Department of Soil and Crop Sciences, Texas A&M University, Agronomy Field Lab 110/111, College Station, TX, 77843, USA.
Department of Horticulture, University of Wisconsin-Madison, Madison, WI, 53706, USA.
Theor Appl Genet. 2023 Jun 17;136(7):155. doi: 10.1007/s00122-023-04394-y.
A novel locus was discovered on chromosome 7 associated with a lesion mimic in maize; this lesion mimic had a quantitative and heritable phenotype and was predicted better via subset genomic markers than whole genome markers across diverse environments. Lesion mimics are a phenotype of leaf micro-spotting in maize (Zea mays L.), which can be early signs of biotic or abiotic stresses. Dissecting its inheritance is helpful to understand how these loci behave across different genetic backgrounds. Here, 538 maize recombinant inbred lines (RILs) segregating for a novel lesion mimic were quantitatively phenotyped in Georgia, Texas, and Wisconsin. These RILs were derived from three bi-parental crosses using a tropical pollinator (Tx773) as the common parent crossed with three inbreds (LH195, LH82, and PB80). While this lesion mimic was heritable across three environments based on phenotypic ([Formula: see text] = 0.68) and genomic ([Formula: see text] = 0.91) data, transgressive segregation was observed. A genome-wide association study identified a single novel locus on chromosome 7 (at 70.6 Mb) also covered by a quantitative trait locus interval (69.3-71.0 Mb), explaining 11-15% of the variation, depending on the environment. One candidate gene identified in this region, Zm00001eb308070, is related to the abscisic acid pathway involving in cell death. Genomic predictions were applied to genome-wide markers (39,611 markers) contrasted with a marker subset (51 markers). Population structure explained more variation than environment in genomic prediction, but other substantial genetic background effects were additionally detected. Subset markers explained substantially less genetic variation (24.9%) for the lesion mimic than whole genome markers (55.4%) in the model, yet predicted the lesion mimic better (0.56-0.66 vs. 0.26-0.29). These results indicate this lesion mimic phenotype was less affected by environment than by epistasis and genetic background effects, which explain its transgressive segregation.

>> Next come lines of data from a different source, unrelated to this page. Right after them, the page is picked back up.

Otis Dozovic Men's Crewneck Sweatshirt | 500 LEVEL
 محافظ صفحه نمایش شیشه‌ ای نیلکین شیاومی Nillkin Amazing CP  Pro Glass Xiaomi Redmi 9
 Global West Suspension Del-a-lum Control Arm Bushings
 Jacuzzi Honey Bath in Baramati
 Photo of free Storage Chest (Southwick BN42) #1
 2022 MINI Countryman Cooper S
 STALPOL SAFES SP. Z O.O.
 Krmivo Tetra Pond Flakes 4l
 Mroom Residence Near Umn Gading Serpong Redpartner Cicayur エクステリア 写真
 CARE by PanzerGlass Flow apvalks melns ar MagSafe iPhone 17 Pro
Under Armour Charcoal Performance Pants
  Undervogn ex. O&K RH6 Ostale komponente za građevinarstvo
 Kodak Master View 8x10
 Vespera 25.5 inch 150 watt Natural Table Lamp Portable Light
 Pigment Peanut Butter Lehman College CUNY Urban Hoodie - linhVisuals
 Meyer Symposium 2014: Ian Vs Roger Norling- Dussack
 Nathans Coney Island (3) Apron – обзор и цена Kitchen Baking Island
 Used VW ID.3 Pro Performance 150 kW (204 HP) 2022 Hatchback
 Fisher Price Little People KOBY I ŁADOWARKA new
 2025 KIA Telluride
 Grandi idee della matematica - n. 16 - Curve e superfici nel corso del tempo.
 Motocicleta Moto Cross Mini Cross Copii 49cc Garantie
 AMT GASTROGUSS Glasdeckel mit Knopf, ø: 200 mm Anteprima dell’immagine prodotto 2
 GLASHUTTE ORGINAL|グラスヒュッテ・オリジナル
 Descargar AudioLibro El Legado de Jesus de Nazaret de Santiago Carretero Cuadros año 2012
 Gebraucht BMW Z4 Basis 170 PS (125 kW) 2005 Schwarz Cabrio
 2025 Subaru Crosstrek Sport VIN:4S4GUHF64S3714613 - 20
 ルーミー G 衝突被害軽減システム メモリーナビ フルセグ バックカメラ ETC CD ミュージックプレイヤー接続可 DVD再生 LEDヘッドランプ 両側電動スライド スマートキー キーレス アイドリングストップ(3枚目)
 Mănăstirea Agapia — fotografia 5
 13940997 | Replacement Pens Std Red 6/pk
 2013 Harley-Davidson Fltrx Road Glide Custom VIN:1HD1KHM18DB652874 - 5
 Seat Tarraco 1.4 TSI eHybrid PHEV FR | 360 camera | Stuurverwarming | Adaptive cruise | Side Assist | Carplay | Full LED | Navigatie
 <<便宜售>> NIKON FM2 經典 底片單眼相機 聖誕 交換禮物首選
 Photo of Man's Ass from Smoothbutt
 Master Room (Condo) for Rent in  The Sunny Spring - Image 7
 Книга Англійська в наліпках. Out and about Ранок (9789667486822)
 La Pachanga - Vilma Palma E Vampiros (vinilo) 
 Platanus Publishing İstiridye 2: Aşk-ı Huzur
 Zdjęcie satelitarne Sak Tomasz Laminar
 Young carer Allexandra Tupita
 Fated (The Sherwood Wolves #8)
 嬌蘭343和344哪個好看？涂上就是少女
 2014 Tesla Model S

一个新的基因座被发现在 7 号染色体上与玉米中的损伤模拟相关;该损伤模拟具有定量的和可遗传的表型,并且通过跨多种环境的子集基因组标记预测优于全基因组标记。损伤模拟是玉米(Zea mays L.)叶片微斑的表型,它可能是生物或非生物胁迫的早期迹象。剖析其遗传有助于了解这些基因座在不同遗传背景下的行为。在这里,538 个玉米重组自交系(RIL)在佐治亚州、德克萨斯州和威斯康星州被定量表型为一种新的损伤模拟。这些 RIL 是由三个双亲杂交产生的,使用热带授粉者(Tx773)作为共同亲本与三个自交系(LH195、LH82 和 PB80)杂交。虽然基于表型([Formula: see text] = 0.68)和基因组([Formula: see text] = 0.91)数据,这种损伤模拟在三个环境中是可遗传的,但观察到了超亲分离。全基因组关联研究在染色体 7 上(在 70.6 Mb 处)鉴定到一个单一的新基因座,也被一个数量性状基因座区间(69.3-71.0 Mb)覆盖,根据环境的不同,解释了 11-15%的变异。在这个区域中鉴定到的一个候选基因,Zm00001eb308070,与涉及细胞死亡的脱落酸途径有关。基因组预测被应用于全基因组标记(39611 个标记)与标记子集(51 个标记)。群体结构比环境对基因组预测解释的变异更多,但另外还检测到了其他重要的遗传背景效应。在模型中,与全基因组标记(55.4%)相比,子集标记对损伤模拟的解释要差得多(24.9%),但预测得更好(0.56-0.66 与 0.26-0.29)。这些结果表明,这种损伤模拟表型受环境的影响小于受上位性和遗传背景效应的影响,这解释了它的超亲分离。